---- Dataset

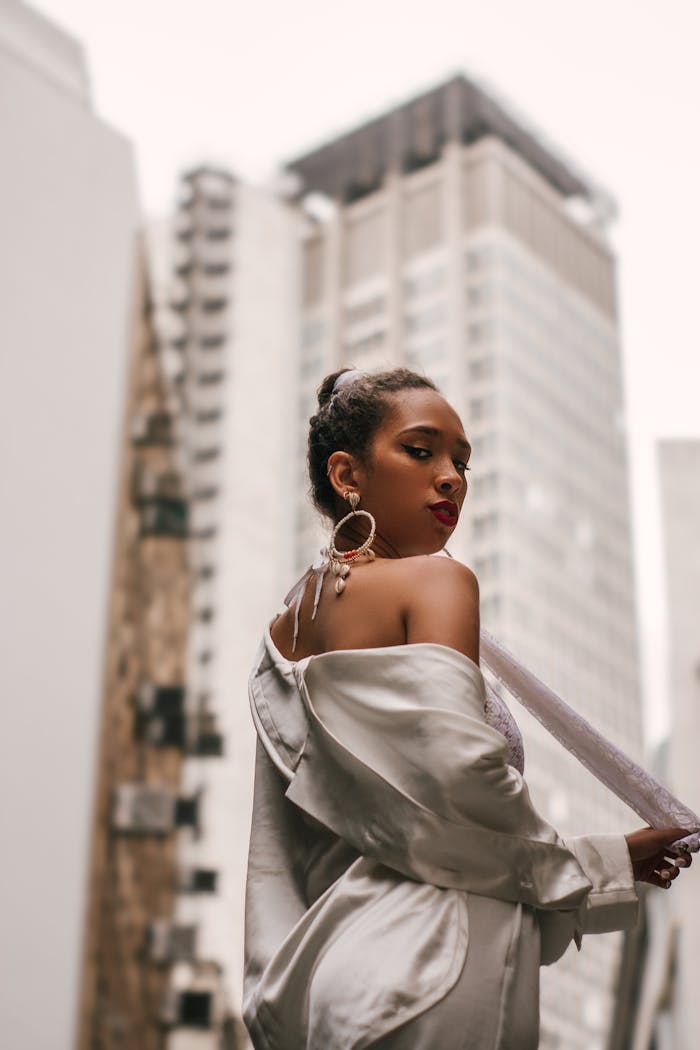 services-04 Stylish woman in a satin outfit posing confidently against a cityscape background.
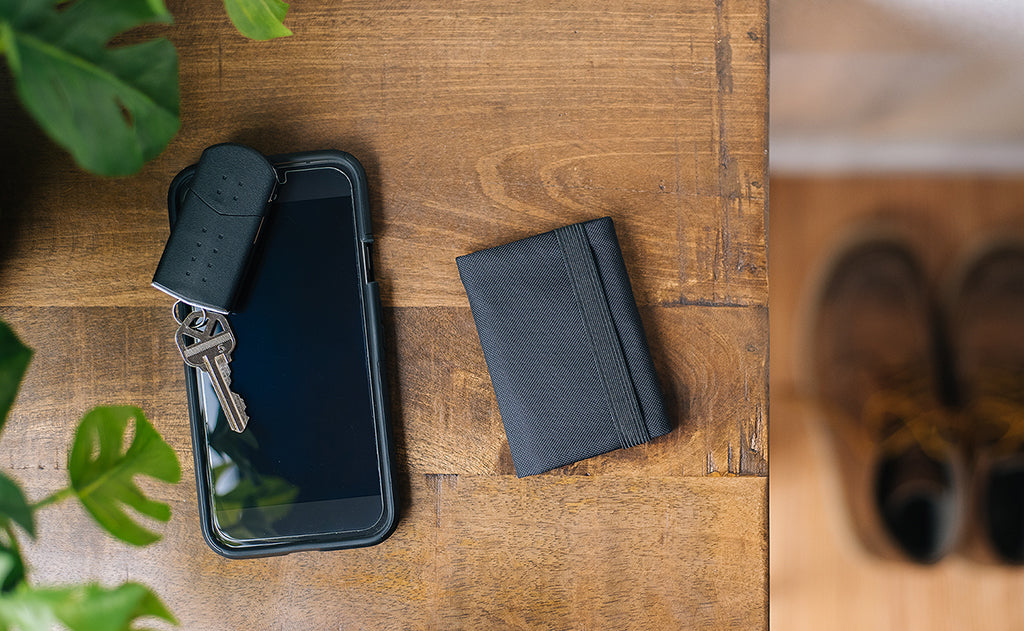 detail visible^^A Nik's Minimalist Wallet next to a phone and key fob.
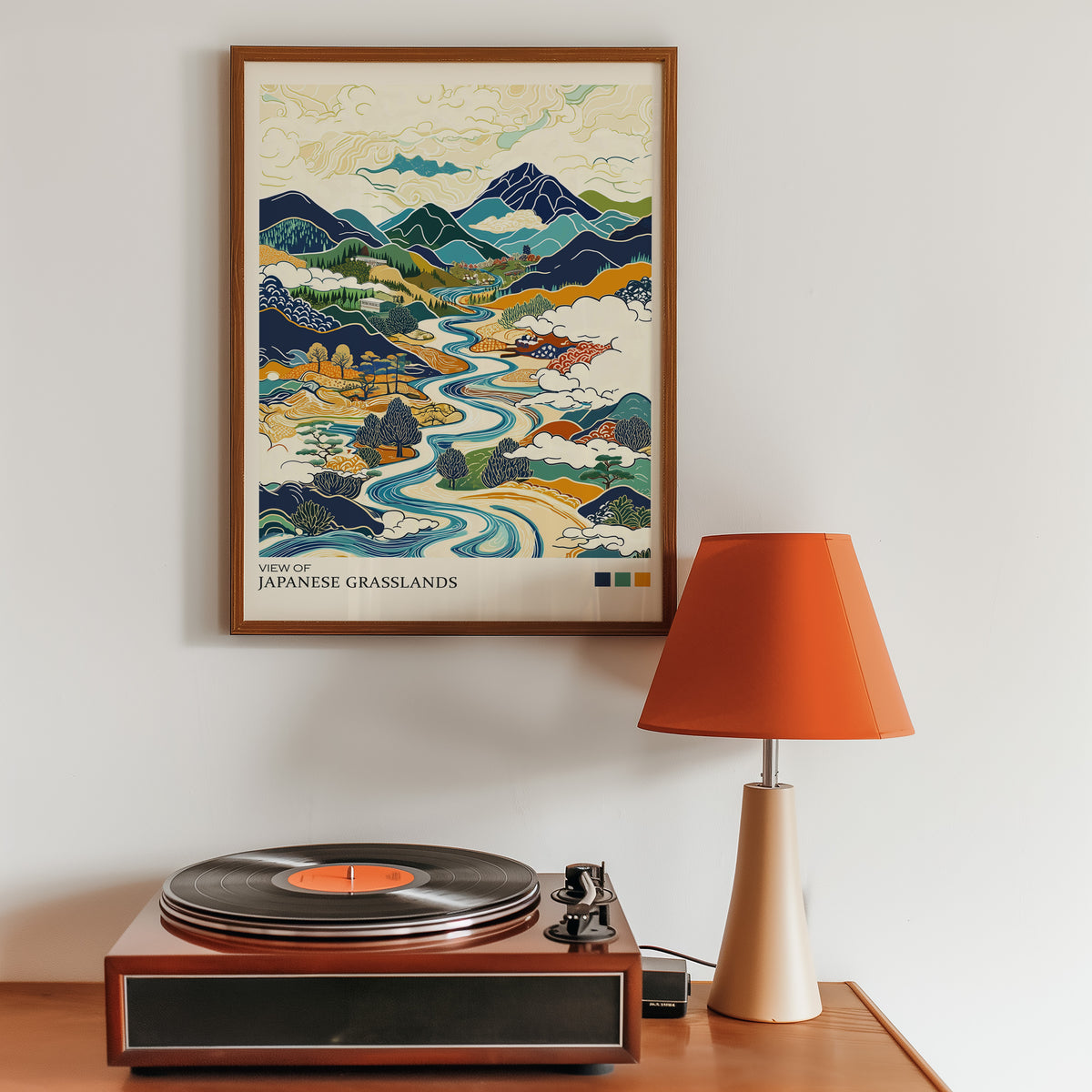 View of Japanese Grasslands river valley print in a walnut frame above a sideboard with a record player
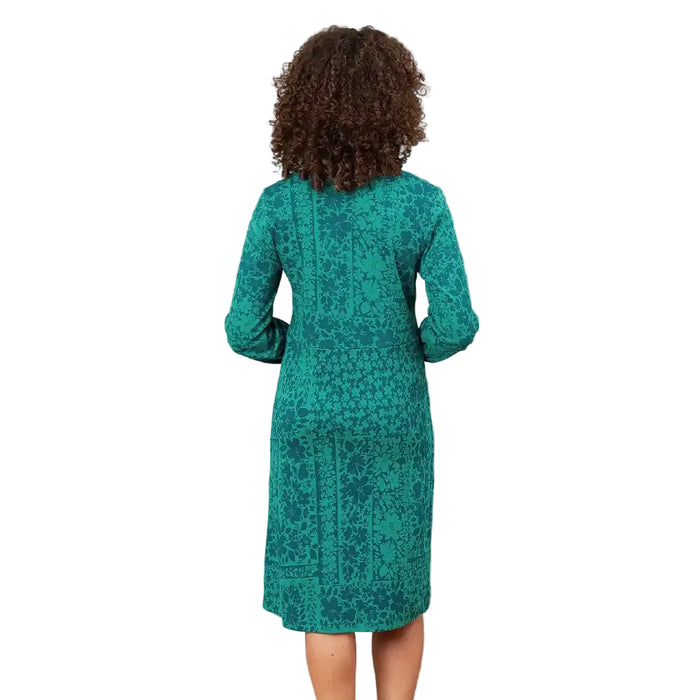 A woman viewed from the back wearing a teal green long-sleeve dress with an intricate dark pattern, set against a solid white background.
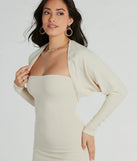She's The Main Rib Knit Slouchy Bolero, a trendy ivory addition to women's going-out outfits, is ideal for Christmas party outfits, chic NYE attire, or winter night-out looks that keep you on-trend!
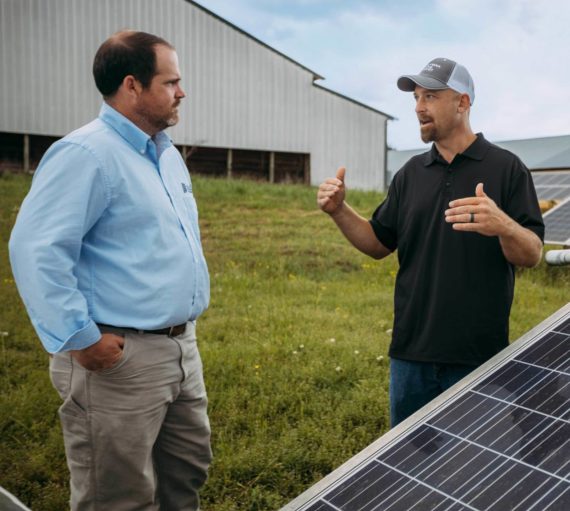 two men talking next to solar panel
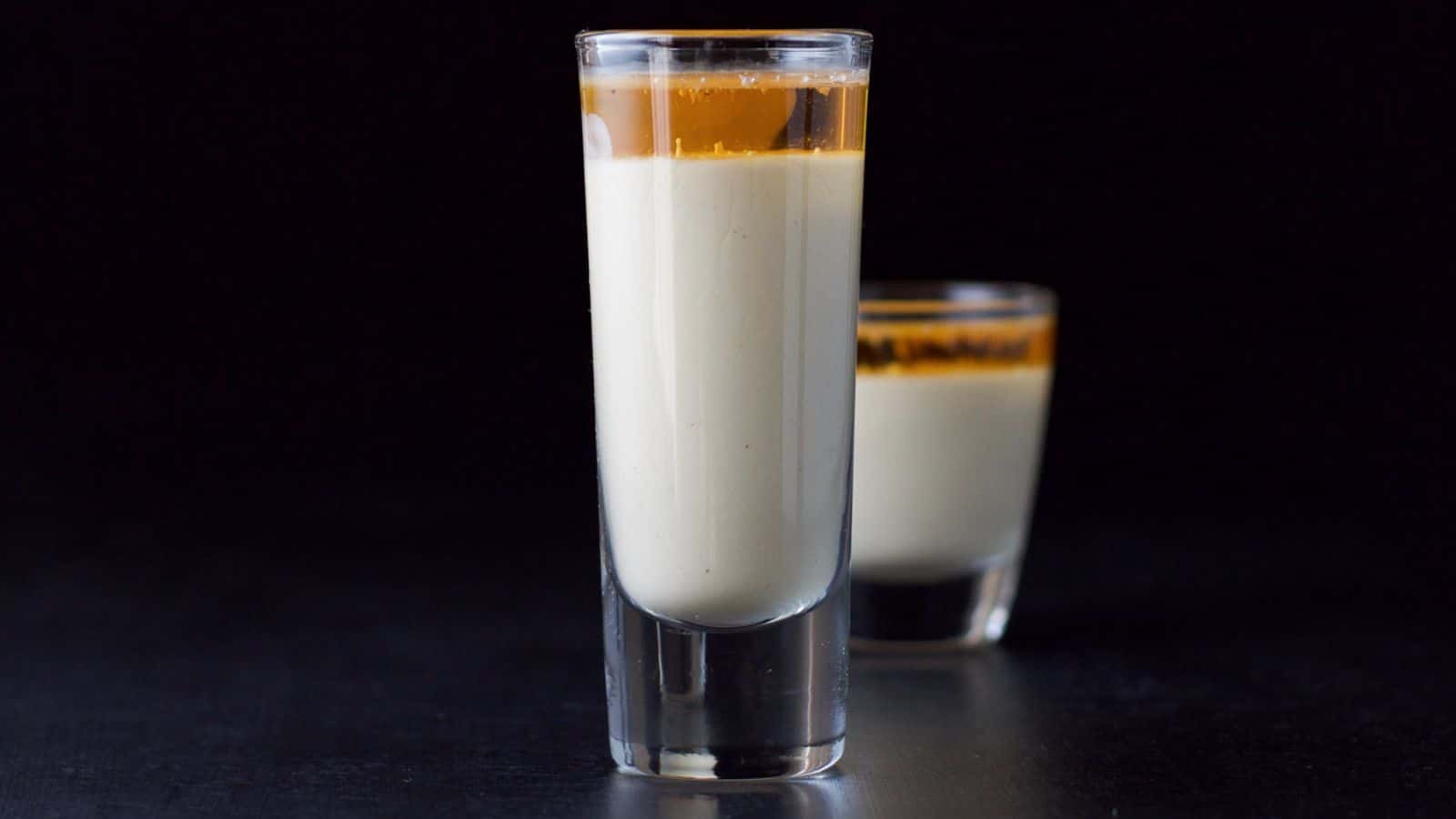 A tall glass in front of a short one filled with eggnog and a light amber liquid on top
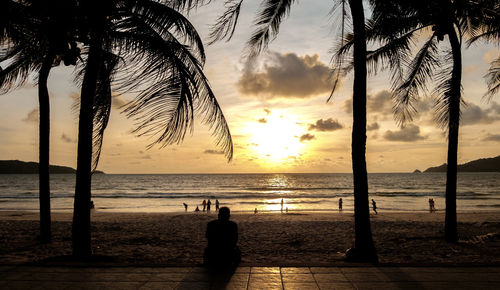 Silhouette people on beach against sky during sunset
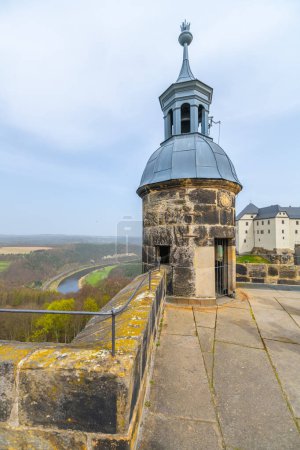 La torre de guardia de Konigstein Fortresss se alza sobre un sereno telón de fondo de colinas verdes de Sajonia y un sinuoso río. Alemania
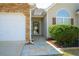 Inviting entrance of home featuring manicured landscaping, stone walkway, and two-car garage at 681 Nine Oaks Cir, Villa Rica, GA 30180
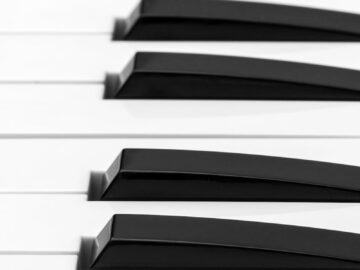 Detailed close-up of piano keys showcasing the contrast between black and white keys.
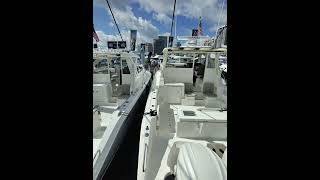 Pursuit Offshore Series – Palm Beach Boat Show Coverage | YachtBuying101.com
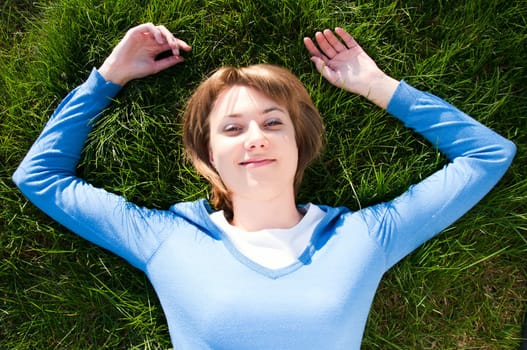 beautiful girl lying on the green grass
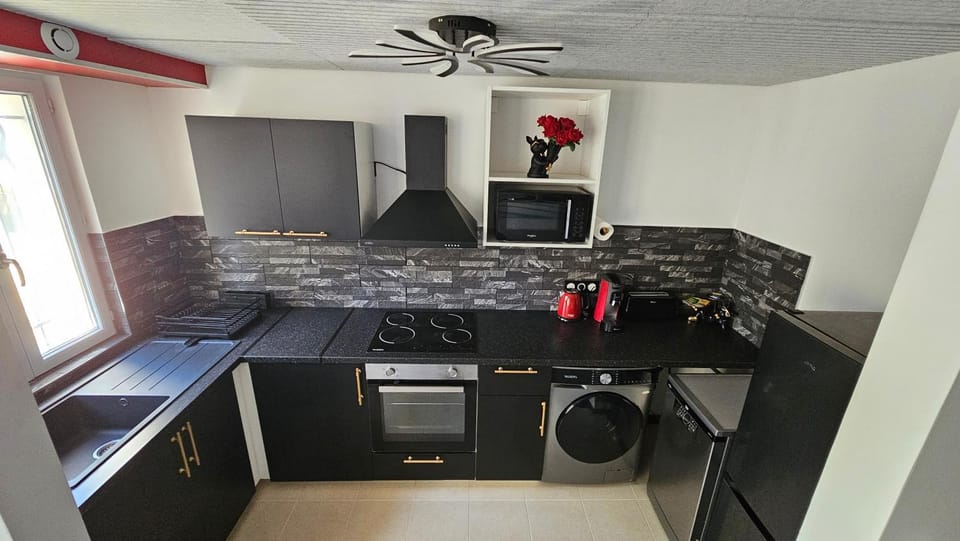 Kitchen or kitchenette, dishwasher, oven, stove, toaster, washing machine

--------

The problem: Could you output the listing word for word, omitting every picture?

Reply:
 services-04 Stylish woman in a satin outfit posing confidently against a cityscape background.
 detail visible^^A Nik's Minimalist Wallet next to a phone and key fob.
 View of Japanese Grasslands river valley print in a walnut frame above a sideboard with a record player
 A woman viewed from the back wearing a teal green long-sleeve dress with an intricate dark pattern, set against a solid white background.
She's The Main Rib Knit Slouchy Bolero, a trendy ivory addition to women's going-out outfits, is ideal for Christmas party outfits, chic NYE attire, or winter night-out looks that keep you on-trend!
 two men talking next to solar panel
 A tall glass in front of a short one filled with eggnog and a light amber liquid on top
 Silhouette people on beach against sky during sunset
 La torre de guardia de Konigstein Fortresss se alza sobre un sereno telón de fondo de colinas verdes de Sajonia y un sinuoso río. Alemania
 Inviting entrance of home featuring manicured landscaping, stone walkway, and two-car garage at 681 Nine Oaks Cir, Villa Rica, GA 30180
 Detailed close-up of piano keys showcasing the contrast between black and white keys.
 Pursuit Offshore Series – Palm Beach Boat Show Coverage | YachtBuying101.com
 beautiful girl lying on the green grass
 Kitchen or kitchenette, dishwasher, oven, stove, toaster, washing machine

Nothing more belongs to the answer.